You have a point–it is arrogant to the point of craziness for an American elected official to threaten someone publicly. So what lesson do we draw about her character, from that?

This is why it's so reprehensible that reporters like EB spiked all the other documented evidence of her lies, bigotry and craziness. She's in their, representing us in Congress on the Iraq war and a thousand other issues–and the local media *knew* she was lying hateful nut before she even got elected.


lloydletta2
Comment posted July 23, 2007 @ 5:48 pm

Bachmann's behavior was Unchristian – but not surprising Ken Avidor and I were at the convention, and did not witness this. 

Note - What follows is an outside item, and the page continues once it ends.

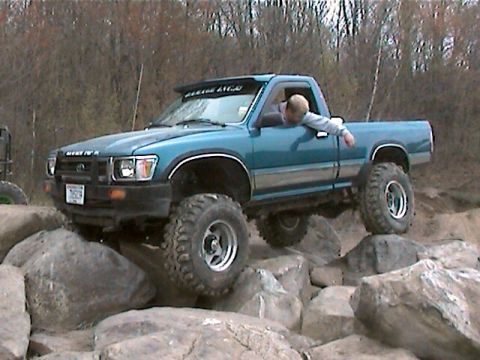 1977 Ford F-150 - This modified pickup truck is shown off-roading over large rocks.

I was disappointed to see this wasn't reported on the Big Question shortly after the convention, but can understand that people (including reporters) make mistakes.  I sure do.  Larry Schumacher was highly criticized for not writing an article about his podcast interview where Bachmann made the Bachmannistan comments.  Schumacher lost the Drudge link, and Eric Black took advantage of that. 

I appreciate that Eric is reporting on this now. 


joelr
Comment posted July 24, 2007 @ 2:02 am

Gosh I've gotta admit that my mind boggles at the notion that you're holding back, PW.


parthian1
Comment posted July 24, 2007 @ 4:32 am

Of course this was “worth” reporting at the time…. Especially because of Bachmann's revolting claims to Christian “holiness”.  And because of her brazen use of vague public threats of “retaliation”, which are rare, despite all  the predictible “no story here!” defense spinning by  Repub apologists, who defend all things “conservative”.

But it wasn't reported.  Why?  Apparently no one knows and no one is to blame.  EB says he plans to write more about “the norms that shape journalism in powerful ways that are often invisible even to journalists”.  Indeed.  I think journalists know more about what's “holding them back” than they say.  I question whether we need Freud to figure it out.

The “norms” seem most often to end up protecting crazy Repubs, their appalling hypocrisy and irrationality.  And from pointing out the abject failure of conservative Repub “policies” and their continuing lies about them.

So, yeah, I think we need to “explore” those norms.  Or the country is doomed.


parthian1
Comment posted July 24, 2007 @ 4:34 am

Great post. thank you.


Rob Levine
Comment posted July 24, 2007 @ 4:36 am

Good job Thanks for that, Eric. Better late than never. Bachmann's behavior isn't surprising, given her stalking of the gay rights rally.


joelr
Comment posted July 24, 2007 @ 5:47 am

Just goes to show how bad the reporting at the Strib was — and probably still is. They withheld the shocking news that Bachmann said something mean to a political opponent within her party, and the obviously utterly unimportant news that Ellison lied in minimizing his longterm involvement with the lunatic “Nation of Islam” — after all, who would care that he lied about that, eh?


The Gipper
Comment posted July 24, 2007 @ 11:14 am

Censorship gone awry at MM:):):) Why was my last comment deleted???  Whatever happened to the arena of open debate???  Oh, that's right, this is a forum that is run by “E. Black the Hack” :):):)  No Surprise in regards to their being an opposing opinion censored to the prevailing groupthink that is presently at work:)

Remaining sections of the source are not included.